Neste Outubro de 2023, vinte anos depois, o CENDREV fez renascer o Encontro de Teatro Ibérico. O Outono em Évora pode, pois, contar com mais episódios nos próximos anos, o que, sendo “notícia de teatro”, traz mais ânimo ao fazer teatral e, particularmente, à dinâmica do Theatro Garcia de Rezende no seu diálogo artístico com a cidade.
A espontaneidade na fala pode agradar a muitos adeptos, por exemplo, da filosofia, mas nem sempre recebe simpatia nos que elegem o palco para a exposição dos seus talentos e que propõem jogos de entendimento e de sensibilidade a partir de criaturas virtuais.
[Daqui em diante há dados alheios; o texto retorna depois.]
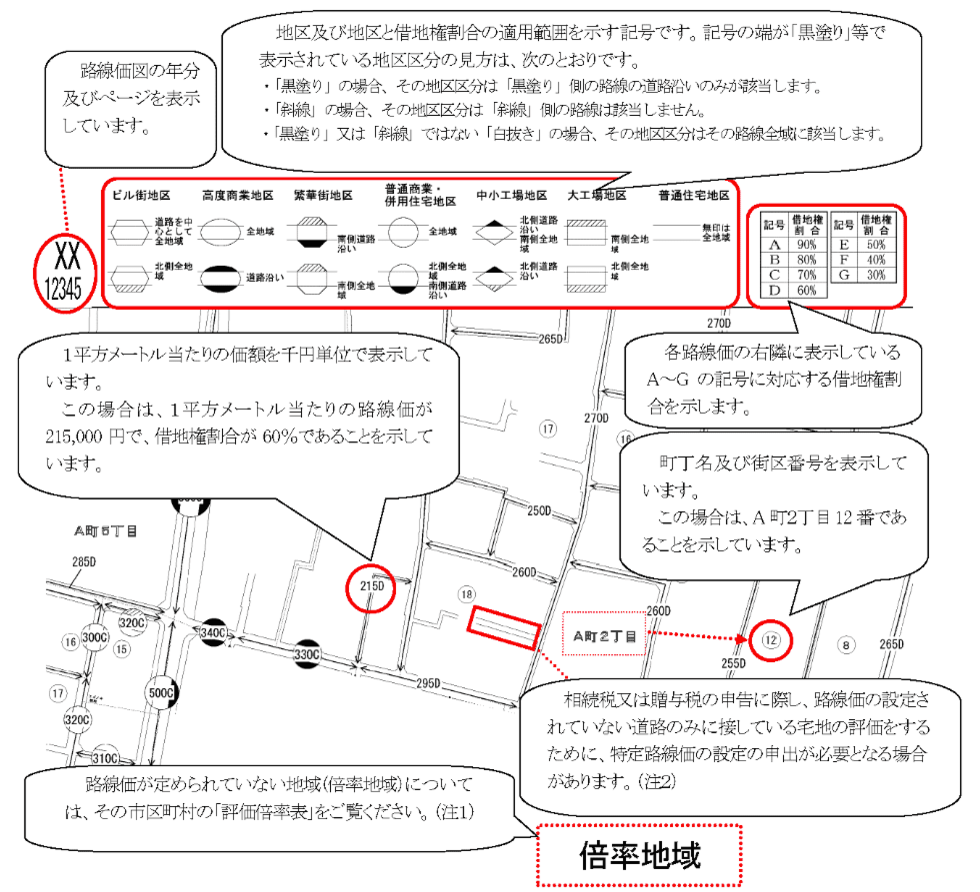 国税庁 路線価図の説明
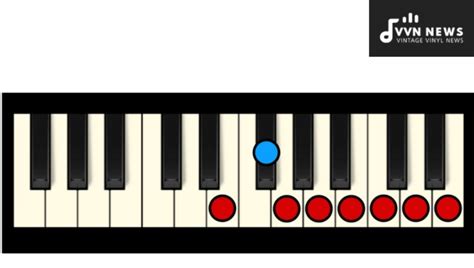 E Minor Chords [Complete Guide With Tips & Tricks]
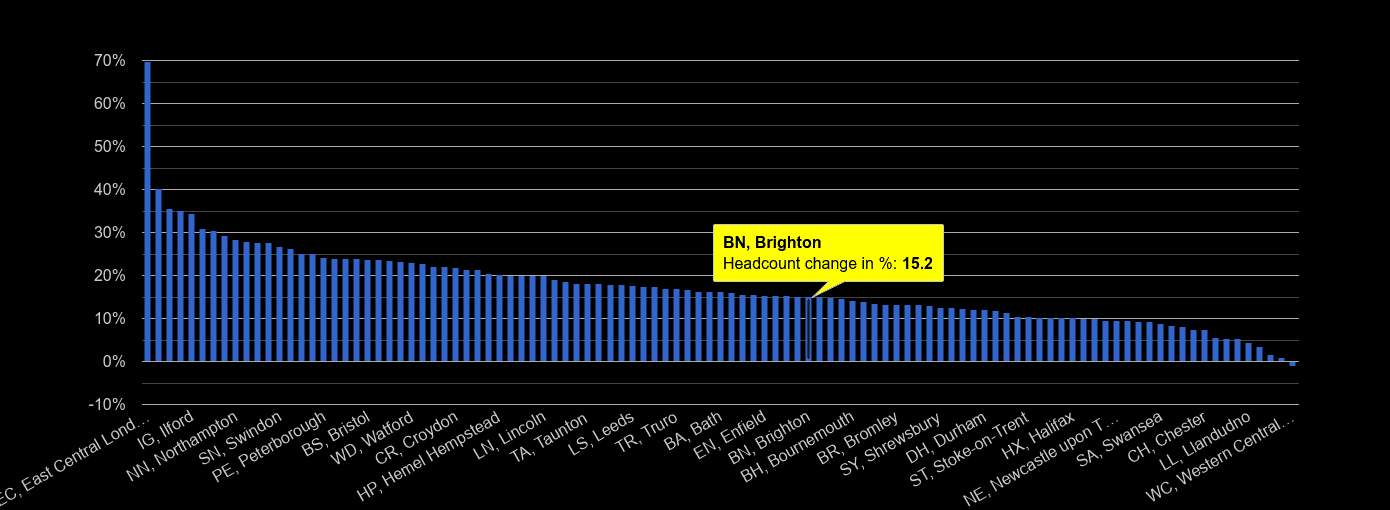 Brighton population growth rates.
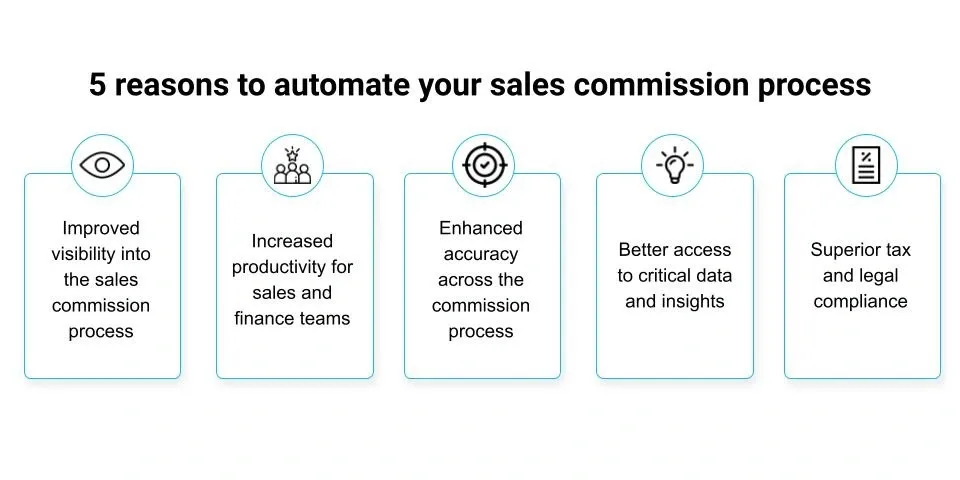 5 raisons d'automatiser votre processus de commissionnement des ventes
Isto se forem as personagens, e o que transportam, o que mais importa no teatro que vamos pensando e fazendo.
É facto que acredito que a espontaneidade na fala oferece bastas vezes muita imperfeição e, logo, fracasso porque não domino por inteiro o que pretendo anunciar ou porque se esfumam as ideias inesperadas a cada palavrinha dita, mas num encontro de teatro, as falas silvestres – porque mais vivas do que a reprodução de um qualquer apontamento de texto prévio – podem ser mais prodigiosas do que o mistério escrito.
Atrevi-me, pois, a vocalizar uma e outra fiada de palavras, pouco astuciosas, sem grande cuidado, mas com o gosto do bravio.
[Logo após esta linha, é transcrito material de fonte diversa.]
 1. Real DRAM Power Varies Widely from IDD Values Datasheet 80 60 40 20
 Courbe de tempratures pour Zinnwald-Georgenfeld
Senti-me bem neste encontro de falas sinceras, sem ronha, capazes de levar adiante outras acções que não sejam, tão somente, o reverberar dos discursos, embora isso já valha muito, precisamente, pelo brilho, pela escuta.
Cheguei a pensar – e disse-o – se valeria a pena indagar sobre a validade ou não dessa minha antiga preocupação que era a de saber se um comediante é um objecto de arte. Se o não for, o que será ele, o actor, que se dedica a disponibilizar o corpo, cuidando da memória, refrescando-a a cada novo texto, a cada nova aventura oferecida ao público? Dá trabalho entender-se a cada instante com a memória, condicionar-se com a presença exigente das personagens, mas é de crer que é este amor – ainda que muitas vezes não declarado e tantas vezes também desatinado e não reconhecido – que faz a nobreza primeira do acto teatral: os comediantes iniciam-se – e iniciam o público – nessa viagem humana no teatro, esse lugar além do espelho, e que, bem pensado, pode levar-nos à utopia.
O espectáculo do que dizemos ou mostramos não deverá ser alvoroço para os ouvidos ou espalhafato para encher o olho, embora saibamos que o teatro tem muito rugido também.
Na verdade, cabemos todos no lugar comum que é o teatro, mas nem todos pensamos ou desejamos o nomadismo de espírito capaz de nos tornar mais aptos à liberdade, à compreensão dos mundos e, se possível, contribuindo para a melhoria do estado miserável em que muita humanidade se encontra, sendo certo que o teatro não tem nenhuma chave para nenhum portal de salvação.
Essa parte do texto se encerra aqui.